Telecom Restructuring in Shambles in Namibia
The Telecom Namibia branch of the Namibia Public Workers Union (Napwu) has demanded that the Minister of Information and Communication Technology, Joel Kaapanda, intervene in the restructuring of Telecom.
The union further called for an immediate and full-scale forensic investigation into the entire affairs of Telecom, and to take "concise and immediate" actions against the board of directors and top management, to allow an unhindered investigation into Telecom's affairs. The workers claimed that there is no approved structure bearing the signature of the Telecom board chairperson for the company's proposed re-alignment.
"It can't be business as usual anymore as the lid has been lifted on the state of affairs in Telecom Namibia publicly and that displays serious inefficiencies in the management of this company," said the chairperson of the Napwu branch, Jacob Ramoswaane.

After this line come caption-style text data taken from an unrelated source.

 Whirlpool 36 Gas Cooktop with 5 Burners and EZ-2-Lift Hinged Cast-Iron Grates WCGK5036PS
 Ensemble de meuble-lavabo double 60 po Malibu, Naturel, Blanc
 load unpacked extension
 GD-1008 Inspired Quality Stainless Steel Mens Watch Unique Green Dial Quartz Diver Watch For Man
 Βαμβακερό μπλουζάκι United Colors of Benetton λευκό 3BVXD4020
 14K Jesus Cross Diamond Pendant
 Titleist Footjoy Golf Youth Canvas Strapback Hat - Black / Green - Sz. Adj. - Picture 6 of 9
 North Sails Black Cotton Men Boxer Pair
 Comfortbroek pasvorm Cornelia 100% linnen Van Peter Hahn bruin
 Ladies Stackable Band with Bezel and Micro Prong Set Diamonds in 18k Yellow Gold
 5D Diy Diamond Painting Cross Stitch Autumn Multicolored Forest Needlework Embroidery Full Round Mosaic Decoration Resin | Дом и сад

He said while it is true that the Telecom executive informed the union of the company's re-alignment plans last year, a proposed structure was tabled for discussion without changes to the new level 1, and only having the bargaining unit levels and the proposed changes on these levels. Napwu then refused to entertain any discussion on the structure and requested that the Telecom management finalise the level 1, after which the union would discuss the lower levels.

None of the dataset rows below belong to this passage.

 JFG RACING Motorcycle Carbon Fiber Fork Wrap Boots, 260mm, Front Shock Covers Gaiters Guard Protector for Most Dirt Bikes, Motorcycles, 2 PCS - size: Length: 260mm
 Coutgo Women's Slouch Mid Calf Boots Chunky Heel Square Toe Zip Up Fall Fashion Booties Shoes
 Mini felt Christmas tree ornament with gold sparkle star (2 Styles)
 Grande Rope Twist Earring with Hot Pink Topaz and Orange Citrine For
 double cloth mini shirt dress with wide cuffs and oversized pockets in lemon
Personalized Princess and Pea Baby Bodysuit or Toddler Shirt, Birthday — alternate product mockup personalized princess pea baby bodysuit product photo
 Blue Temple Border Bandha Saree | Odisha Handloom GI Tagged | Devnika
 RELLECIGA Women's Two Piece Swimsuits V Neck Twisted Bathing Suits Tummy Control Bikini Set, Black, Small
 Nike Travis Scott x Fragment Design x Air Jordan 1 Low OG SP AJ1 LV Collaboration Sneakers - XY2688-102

Ramoswaane said the union is in possession of only a draft structure which is without the signature of the board chairperson.

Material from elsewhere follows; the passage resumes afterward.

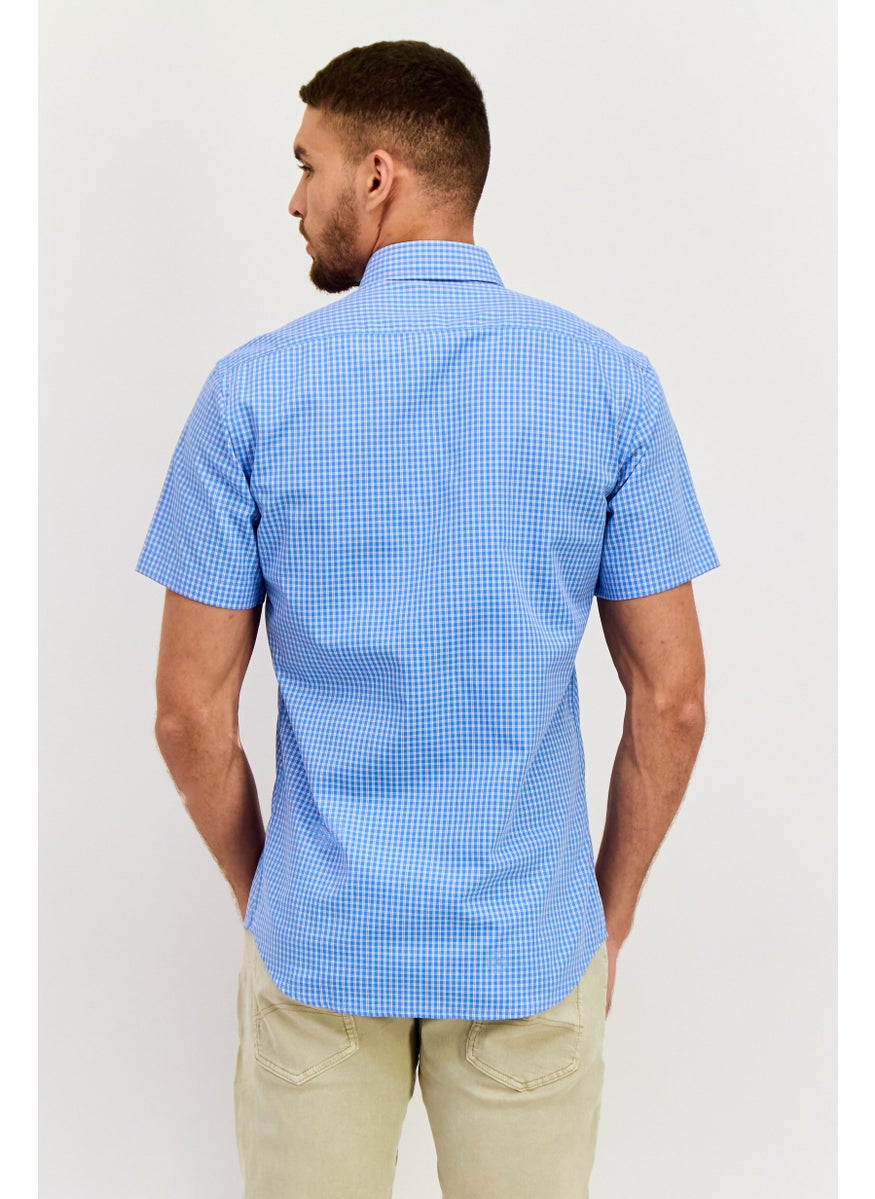 Tailorbyrd - Men Regular Fit Short Sleeve Checkered Casual Shirt, Blue Combo - Image 1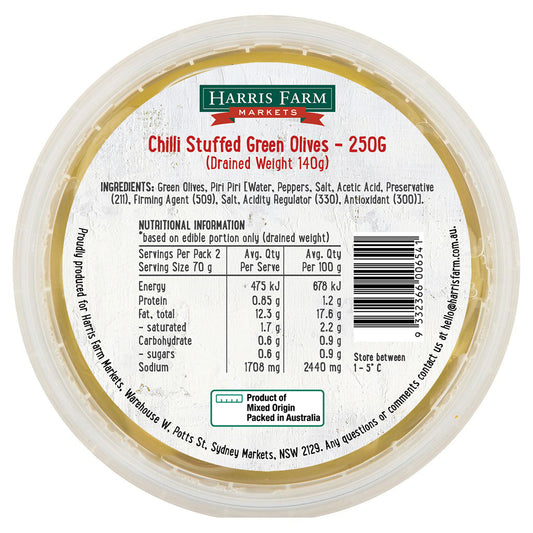 Harris Farm Olives Chilli Stuffed Green | Harris Farm Online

He said the union had made two requests to Managing Director Frans Ndoroma - on April 11 and May 20 - to provide it with a copy of the approved structure, and was only presented with an unsigned copy.
It also requested Telecom to make available the list of all applicants of level 1 and level 2 positions to ascertain whether "deserving" employees were "intentionally" excluded from being afforded a chance to be interviewed. Ramoswaane said a request was made for the list, but that the company has not released the names. He said he hand-delivered a request to the board chairperson to intervene and halt the appointing process, but that the chairperson failed to do so.
Ramoswaane described Ndoroma's statement that only a few disgruntled workers who did not make the shortlist for interviews are against the restructuring process as a "very comic piece of a story".
"Fact is that it seems that the MD and his team didn't do their homework properly," said Ramoswaane. Ramoswaane said before Ndoroma and his team embarked upon the "rolls-royce exercise", they should have considered the consequences thereof.
He said the company had sought legal advice, for which it paid "a good number of Namibia dollars", on the possible legal implications of the restructuring process, and should thus know the possibility that some "incumbent employees" did not get appointed and would thus sue the company.
The union said Telecom should only have advertised new positions and confined incumbents in their old positions, instead of embarking on a N$240 000 advertising exercise that called for applications to already filled positions.
It claimed that both Chief of Operations Heinrich Bader and Chief of Finance Robert Offner do not have the required qualifications for the positions in which they were appointed.
Ramoswaane said the appointing authorities at Telecom have breached an agreement reached between Napwu and the board of directors that the position of chiefs be subjected to a five-year contract. The union said the Telecom board of directors should explain why the "so-called" approved structures are changed after interviews were conducted. "This is tantamount to corruption, favouritism, and nepotism," the union charged.